◆ **Listed records**
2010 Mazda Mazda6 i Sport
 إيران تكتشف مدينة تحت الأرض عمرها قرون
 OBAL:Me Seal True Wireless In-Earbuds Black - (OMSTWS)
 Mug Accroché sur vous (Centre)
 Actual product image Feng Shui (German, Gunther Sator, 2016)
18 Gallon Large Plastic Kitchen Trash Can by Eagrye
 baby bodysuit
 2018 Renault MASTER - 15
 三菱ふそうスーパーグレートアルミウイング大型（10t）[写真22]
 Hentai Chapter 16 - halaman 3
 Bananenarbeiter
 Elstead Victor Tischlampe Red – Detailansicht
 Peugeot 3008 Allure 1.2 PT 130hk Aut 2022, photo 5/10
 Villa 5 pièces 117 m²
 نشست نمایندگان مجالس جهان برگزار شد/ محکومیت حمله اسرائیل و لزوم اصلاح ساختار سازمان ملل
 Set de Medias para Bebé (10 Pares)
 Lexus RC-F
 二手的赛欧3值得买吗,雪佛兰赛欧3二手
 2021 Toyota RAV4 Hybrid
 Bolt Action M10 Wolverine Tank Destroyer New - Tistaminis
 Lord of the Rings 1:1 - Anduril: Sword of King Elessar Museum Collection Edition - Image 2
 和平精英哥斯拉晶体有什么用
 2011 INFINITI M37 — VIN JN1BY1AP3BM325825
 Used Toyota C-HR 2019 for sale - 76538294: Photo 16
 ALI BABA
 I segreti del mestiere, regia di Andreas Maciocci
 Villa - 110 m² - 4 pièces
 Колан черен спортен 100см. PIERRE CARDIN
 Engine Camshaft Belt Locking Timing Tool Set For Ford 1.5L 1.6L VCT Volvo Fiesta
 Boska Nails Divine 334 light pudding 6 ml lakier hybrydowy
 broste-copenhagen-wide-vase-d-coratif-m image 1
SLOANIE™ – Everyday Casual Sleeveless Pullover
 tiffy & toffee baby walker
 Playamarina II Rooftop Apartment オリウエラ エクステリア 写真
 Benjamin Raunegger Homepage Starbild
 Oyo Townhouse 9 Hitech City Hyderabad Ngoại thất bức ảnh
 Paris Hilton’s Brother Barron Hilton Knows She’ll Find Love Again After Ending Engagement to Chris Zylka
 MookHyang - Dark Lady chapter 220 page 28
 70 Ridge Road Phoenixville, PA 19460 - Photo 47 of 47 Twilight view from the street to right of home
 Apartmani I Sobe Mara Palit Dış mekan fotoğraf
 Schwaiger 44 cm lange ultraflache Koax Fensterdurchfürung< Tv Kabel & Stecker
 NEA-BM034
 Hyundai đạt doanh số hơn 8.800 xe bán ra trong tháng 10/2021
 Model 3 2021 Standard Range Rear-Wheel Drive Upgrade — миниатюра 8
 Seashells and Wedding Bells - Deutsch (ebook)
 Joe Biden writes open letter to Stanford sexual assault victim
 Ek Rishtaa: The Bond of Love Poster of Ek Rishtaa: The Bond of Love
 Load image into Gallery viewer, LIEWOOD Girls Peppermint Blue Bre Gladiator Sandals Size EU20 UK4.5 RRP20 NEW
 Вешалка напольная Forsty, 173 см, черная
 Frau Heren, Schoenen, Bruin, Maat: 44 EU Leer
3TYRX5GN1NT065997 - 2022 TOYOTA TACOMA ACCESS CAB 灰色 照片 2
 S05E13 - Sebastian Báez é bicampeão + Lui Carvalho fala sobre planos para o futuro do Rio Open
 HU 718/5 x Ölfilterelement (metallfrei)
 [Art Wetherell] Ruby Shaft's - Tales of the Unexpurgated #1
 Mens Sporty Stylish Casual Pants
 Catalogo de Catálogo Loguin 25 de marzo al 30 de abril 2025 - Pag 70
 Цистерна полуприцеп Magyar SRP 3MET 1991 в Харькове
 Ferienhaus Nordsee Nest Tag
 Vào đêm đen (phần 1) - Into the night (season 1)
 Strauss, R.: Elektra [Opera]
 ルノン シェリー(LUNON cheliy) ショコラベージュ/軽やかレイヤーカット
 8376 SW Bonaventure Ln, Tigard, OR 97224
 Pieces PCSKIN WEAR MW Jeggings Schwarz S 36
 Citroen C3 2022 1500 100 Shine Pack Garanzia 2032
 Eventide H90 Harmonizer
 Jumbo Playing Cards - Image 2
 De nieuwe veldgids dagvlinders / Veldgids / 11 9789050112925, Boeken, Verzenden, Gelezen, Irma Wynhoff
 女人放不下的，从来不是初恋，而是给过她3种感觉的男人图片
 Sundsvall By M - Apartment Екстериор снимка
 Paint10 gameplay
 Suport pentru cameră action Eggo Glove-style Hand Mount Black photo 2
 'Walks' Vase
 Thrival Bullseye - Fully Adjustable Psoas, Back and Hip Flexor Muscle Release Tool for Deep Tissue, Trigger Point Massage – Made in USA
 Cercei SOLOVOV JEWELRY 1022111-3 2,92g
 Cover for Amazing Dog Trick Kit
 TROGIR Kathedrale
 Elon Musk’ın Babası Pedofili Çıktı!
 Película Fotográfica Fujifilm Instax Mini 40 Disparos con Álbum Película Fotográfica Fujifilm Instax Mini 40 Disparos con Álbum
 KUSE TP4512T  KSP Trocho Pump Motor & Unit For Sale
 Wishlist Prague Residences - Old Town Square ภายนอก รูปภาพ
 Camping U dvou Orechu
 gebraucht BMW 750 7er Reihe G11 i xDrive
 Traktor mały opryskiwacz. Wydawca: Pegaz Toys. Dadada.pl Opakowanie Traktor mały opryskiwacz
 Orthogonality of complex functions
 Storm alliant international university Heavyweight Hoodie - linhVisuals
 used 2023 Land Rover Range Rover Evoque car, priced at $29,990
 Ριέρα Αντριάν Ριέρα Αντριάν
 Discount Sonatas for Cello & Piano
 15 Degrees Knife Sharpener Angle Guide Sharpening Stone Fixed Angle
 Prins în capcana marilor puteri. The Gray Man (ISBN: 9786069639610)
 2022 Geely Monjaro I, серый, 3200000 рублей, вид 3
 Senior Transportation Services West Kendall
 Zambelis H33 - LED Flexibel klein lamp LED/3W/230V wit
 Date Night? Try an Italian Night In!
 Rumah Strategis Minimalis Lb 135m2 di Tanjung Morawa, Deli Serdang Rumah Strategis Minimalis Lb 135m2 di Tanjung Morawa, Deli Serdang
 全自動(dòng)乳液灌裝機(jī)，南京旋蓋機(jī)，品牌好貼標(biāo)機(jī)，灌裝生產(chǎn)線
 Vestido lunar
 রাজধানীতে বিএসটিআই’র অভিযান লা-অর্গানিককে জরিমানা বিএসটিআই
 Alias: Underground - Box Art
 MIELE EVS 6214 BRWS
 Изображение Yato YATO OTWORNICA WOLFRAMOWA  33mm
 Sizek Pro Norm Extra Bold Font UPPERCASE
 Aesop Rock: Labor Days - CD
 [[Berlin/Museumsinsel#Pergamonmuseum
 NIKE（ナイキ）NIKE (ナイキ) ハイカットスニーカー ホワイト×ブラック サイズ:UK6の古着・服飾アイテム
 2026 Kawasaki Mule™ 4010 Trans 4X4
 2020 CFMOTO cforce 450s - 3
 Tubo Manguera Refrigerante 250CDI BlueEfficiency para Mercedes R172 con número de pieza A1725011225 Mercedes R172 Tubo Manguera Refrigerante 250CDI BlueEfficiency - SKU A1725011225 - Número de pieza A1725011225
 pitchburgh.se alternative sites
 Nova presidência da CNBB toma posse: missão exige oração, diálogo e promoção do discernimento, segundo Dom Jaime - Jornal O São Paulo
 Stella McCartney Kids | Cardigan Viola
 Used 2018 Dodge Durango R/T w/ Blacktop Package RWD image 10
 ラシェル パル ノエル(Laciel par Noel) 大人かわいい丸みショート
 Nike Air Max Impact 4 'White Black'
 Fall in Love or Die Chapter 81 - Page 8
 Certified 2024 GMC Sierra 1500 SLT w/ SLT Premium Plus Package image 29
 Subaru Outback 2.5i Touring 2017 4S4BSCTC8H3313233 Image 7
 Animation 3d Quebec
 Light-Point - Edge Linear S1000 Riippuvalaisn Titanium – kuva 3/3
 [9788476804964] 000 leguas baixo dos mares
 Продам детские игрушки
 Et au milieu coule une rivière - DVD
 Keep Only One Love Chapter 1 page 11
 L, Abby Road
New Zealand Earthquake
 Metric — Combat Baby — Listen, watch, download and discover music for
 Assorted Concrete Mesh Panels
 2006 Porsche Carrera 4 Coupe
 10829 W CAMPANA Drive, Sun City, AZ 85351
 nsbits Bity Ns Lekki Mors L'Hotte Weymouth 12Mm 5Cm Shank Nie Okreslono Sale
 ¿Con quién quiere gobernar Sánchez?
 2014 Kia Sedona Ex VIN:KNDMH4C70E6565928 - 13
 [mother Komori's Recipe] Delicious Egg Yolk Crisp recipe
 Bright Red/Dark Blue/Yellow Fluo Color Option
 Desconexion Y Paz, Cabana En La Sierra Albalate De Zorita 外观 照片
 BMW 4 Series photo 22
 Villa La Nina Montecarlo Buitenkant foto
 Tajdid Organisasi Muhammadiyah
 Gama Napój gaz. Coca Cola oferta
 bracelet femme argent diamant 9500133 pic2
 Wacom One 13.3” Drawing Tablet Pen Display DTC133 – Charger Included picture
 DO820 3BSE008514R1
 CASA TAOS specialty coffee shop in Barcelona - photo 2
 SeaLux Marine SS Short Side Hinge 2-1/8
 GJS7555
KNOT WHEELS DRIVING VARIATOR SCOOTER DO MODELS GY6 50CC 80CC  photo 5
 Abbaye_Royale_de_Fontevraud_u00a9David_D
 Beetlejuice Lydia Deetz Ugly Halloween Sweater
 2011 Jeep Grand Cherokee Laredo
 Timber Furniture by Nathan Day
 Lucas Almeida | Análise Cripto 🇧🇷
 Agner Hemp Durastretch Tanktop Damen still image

◆ **What the task requires**
For the word "Dark", find all matching lines in the entries above and copy them out.

◆ **Exercise result**
 MookHyang - Dark Lady chapter 220 page 28
 Bright Red/Dark Blue/Yellow Fluo Color Option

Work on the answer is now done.